Welcome to the Data Visualization with R Series

A series of lessons designed to introduce learners to the R package ggplot2

This course will include a series of lessons for scientists with beginner level experience in R. The primary purpose of this course is to introduce learners to data visualization in R with a primary focus on ggplot2 and related packages.

Course objectives

  1. Learn how to generate basic plot types in ggplot2
  2. Understand how basic plot types can be customized to generate more complex plots

What this course is not!

This course will not:

  1. Make anyone an R expert
  2. Make anyone a ggplot2 expert

Note

While this course may be useful to learners with intermediate R experience who would like to learn more regarding ggplot2, the pace of the course will be set assuming a beginner level of understanding.

Course Expectations

This course will include a series of six, 1-1.25 hour lessons over a period of three weeks. Each lesson will be followed by a 45 minute help session in which students can ask questions and / or get individual help with their data.

Lesson 1: Introduction to plot types

This lesson will answer that burning question: Why R for data visualization? In addition, we will introduce the various plot types that will be generated throughout the course and will showcase related plots that you will be able to create in the future using the foundational skills gained over the next 3 weeks. This will not be a hands-on lesson so no coding yet. The hands-on portion of this series will start with lesson 2. In the help session afterwards we will help those having trouble with DNAnexus accounts.

Lesson 2: Getting Started with ggplot2

Lesson 2 will focus on the basics of ggplot2, including the grammar of graphics philosophy and its application. This lesson will provide a hands on introduction to the ggplot2 syntax, geom functions, mapping and aesthetics, and plot layering.

Lesson 3: Scatter plots and Non-data elements of ggplot2 customization

Lesson 3 will continue the discussion on the grammar of graphics, with a focus on ggplot2 plot customization including axes labels, coordinate systems, axes scales, and themes.
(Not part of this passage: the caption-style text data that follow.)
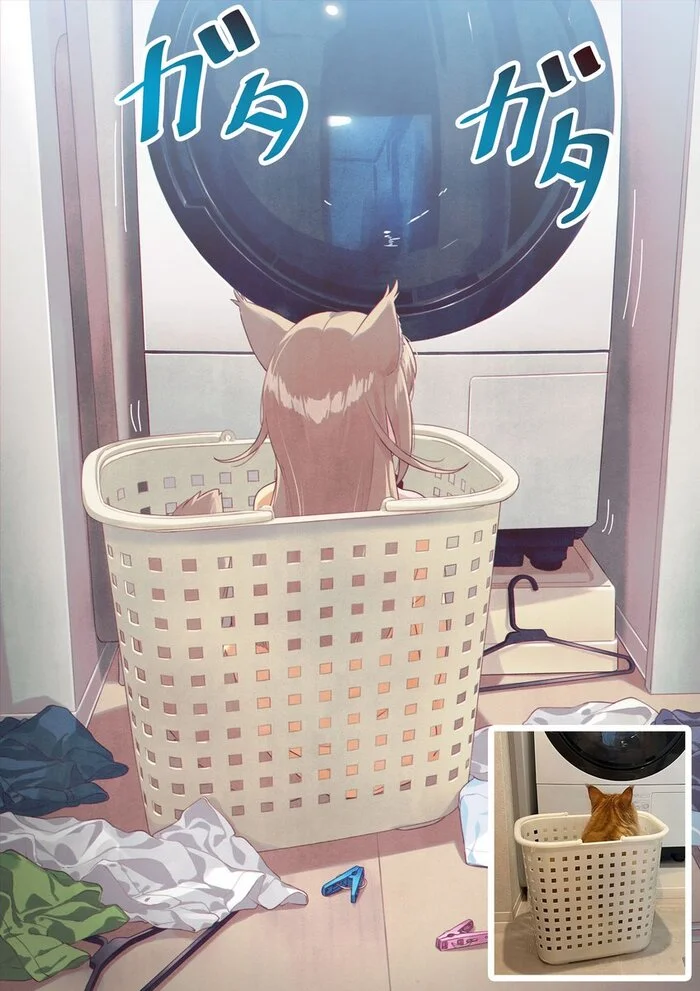 Kinako and washing - 40hara, Art, Anime, Anime art, Kinako, Animal ears, Neko, Tail, Longpost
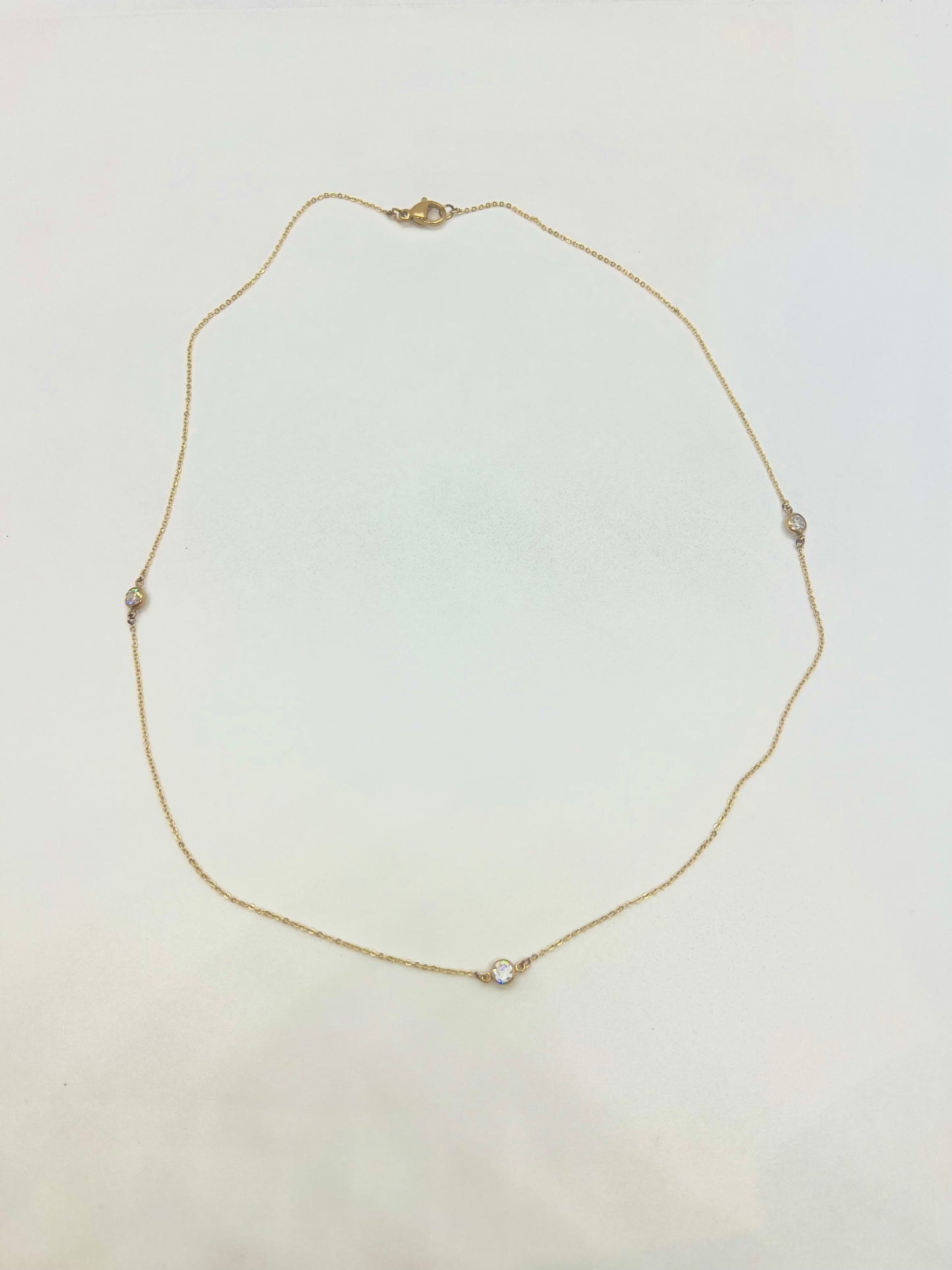 3 Stone Satellite Necklace
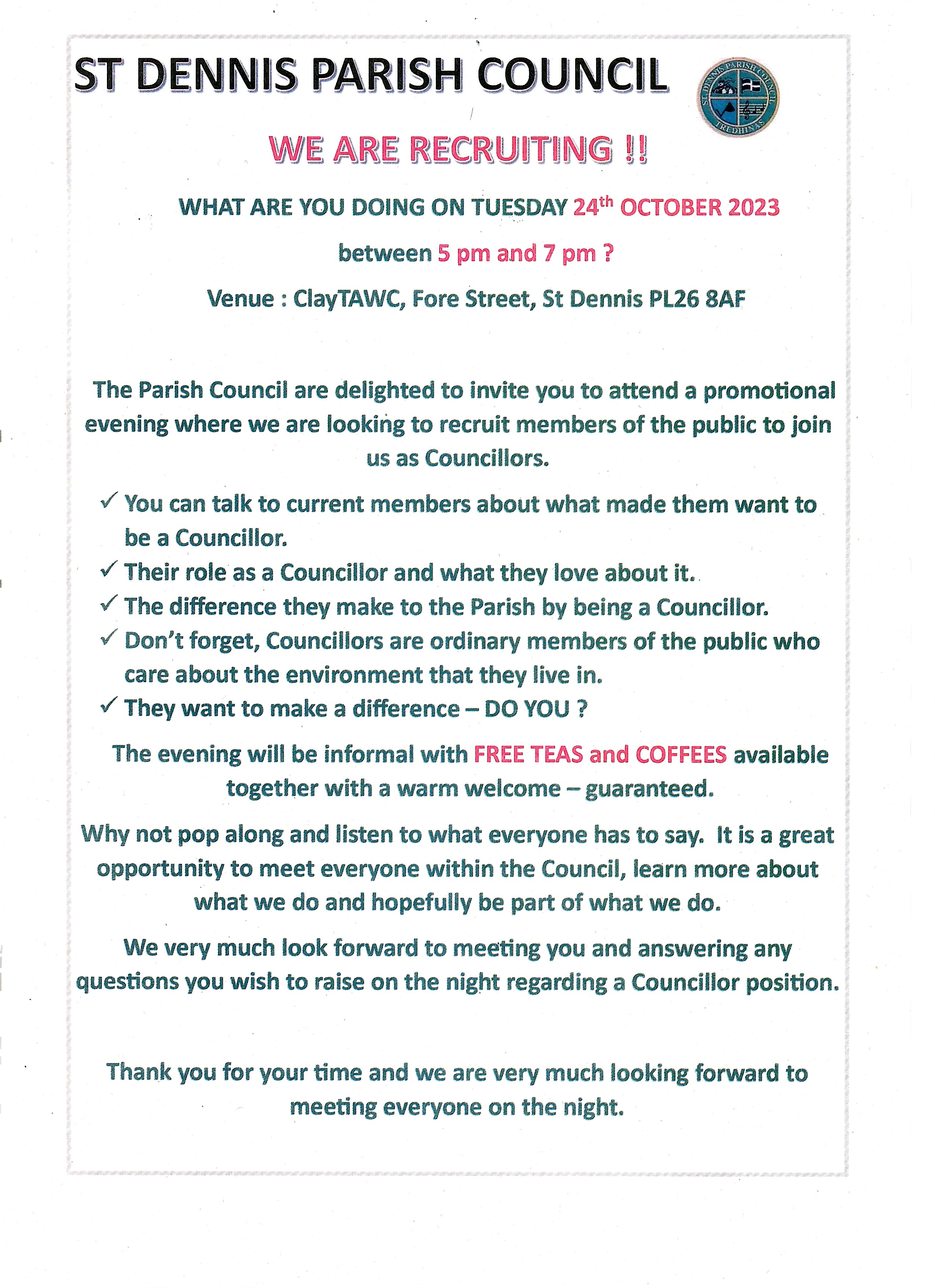 COUNCILLOR RECRUITMENT EVENING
This hands on lesson will showcase these features of plot building through the generation of increasingly complex scatter plots using data included with a base R installation as well as RNASeq data.

Lesson 4: Visualizing summary statistics with ggplot2

It is common to obtain summary statistics for a dataset to understand parameters like mean, standard deviation, and distribution. In this lesson, we will learn to generate plots that will help with visualization of summary statistics including bar plot with error bars, histogram, as well as the box and whiskers plot.

Lesson 5: Visualizing clusters with heatmaps

Lesson 5 will introduce the heatmap and dendrogram as tools for visualizing clusters in data. This lesson will primarily use the R package pheatmap.

Lesson 6: Combining multiple plots to create a figure panel

Scientific journals almost always have limits on the number of figures that can be included in a publication. Don't fret, in lesson 6, we will focus on generating sub plots and multi plot figure panels using ggplot2 associated packages.

Required Course Materials

To participate in this class you will need your government-issued computer and a reliable internet connection. You do not need to download or install any software to participate in the class.